**PROBLEM REQUIREMENTS:** Entries follow. Give back exactly the lines starting at the one containing "Produktbild von MuchoWow®" and ending at the one containing "MENDOLA Perdea cu", and no other lines.
--- DATA SHOWN Enclosed Below ---
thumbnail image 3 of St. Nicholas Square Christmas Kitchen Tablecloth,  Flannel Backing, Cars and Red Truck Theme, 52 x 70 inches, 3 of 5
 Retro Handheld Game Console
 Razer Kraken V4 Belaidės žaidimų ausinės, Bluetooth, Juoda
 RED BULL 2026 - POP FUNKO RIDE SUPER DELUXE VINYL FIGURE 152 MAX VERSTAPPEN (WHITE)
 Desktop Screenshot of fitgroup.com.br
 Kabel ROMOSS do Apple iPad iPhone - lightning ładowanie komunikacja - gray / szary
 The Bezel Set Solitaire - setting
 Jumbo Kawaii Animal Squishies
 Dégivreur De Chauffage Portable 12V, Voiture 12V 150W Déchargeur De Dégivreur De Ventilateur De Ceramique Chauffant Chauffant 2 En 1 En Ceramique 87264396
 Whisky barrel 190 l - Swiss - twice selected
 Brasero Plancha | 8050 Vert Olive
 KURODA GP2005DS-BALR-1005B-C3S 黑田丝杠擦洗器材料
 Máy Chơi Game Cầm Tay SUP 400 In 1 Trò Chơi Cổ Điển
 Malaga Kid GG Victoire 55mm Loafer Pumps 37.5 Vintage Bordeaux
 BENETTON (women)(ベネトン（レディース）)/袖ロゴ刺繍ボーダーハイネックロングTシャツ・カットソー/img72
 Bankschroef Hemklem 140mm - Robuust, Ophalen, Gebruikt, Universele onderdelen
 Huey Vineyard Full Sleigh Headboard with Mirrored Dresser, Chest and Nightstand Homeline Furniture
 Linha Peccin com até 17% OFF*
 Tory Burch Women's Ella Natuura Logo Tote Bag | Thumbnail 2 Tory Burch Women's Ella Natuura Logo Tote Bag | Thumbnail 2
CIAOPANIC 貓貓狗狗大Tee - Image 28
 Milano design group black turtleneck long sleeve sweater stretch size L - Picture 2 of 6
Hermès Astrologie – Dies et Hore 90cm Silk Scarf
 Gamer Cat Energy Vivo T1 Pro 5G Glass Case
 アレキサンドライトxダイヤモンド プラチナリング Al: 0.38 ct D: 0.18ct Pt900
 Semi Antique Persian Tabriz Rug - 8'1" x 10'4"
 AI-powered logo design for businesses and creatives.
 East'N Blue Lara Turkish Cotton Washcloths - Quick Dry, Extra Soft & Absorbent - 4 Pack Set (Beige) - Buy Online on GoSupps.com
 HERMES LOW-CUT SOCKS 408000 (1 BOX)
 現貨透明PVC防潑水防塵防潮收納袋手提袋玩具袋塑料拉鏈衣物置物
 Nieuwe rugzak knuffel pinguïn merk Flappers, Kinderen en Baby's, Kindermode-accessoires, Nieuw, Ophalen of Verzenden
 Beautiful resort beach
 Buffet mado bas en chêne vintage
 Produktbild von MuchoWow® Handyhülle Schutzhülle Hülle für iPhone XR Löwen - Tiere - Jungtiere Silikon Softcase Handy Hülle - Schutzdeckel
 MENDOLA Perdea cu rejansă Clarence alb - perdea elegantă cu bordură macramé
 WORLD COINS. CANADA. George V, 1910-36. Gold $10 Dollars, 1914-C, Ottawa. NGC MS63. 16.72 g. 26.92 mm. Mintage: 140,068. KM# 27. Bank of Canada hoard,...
--- End of Enclosed DATA SHOWN ---
**THE COMPLETED TASK:**
 Produktbild von MuchoWow® Handyhülle Schutzhülle Hülle für iPhone XR Löwen - Tiere - Jungtiere Silikon Softcase Handy Hülle - Schutzdeckel
 MENDOLA Perdea cu rejansă Clarence alb - perdea elegantă cu bordură macramé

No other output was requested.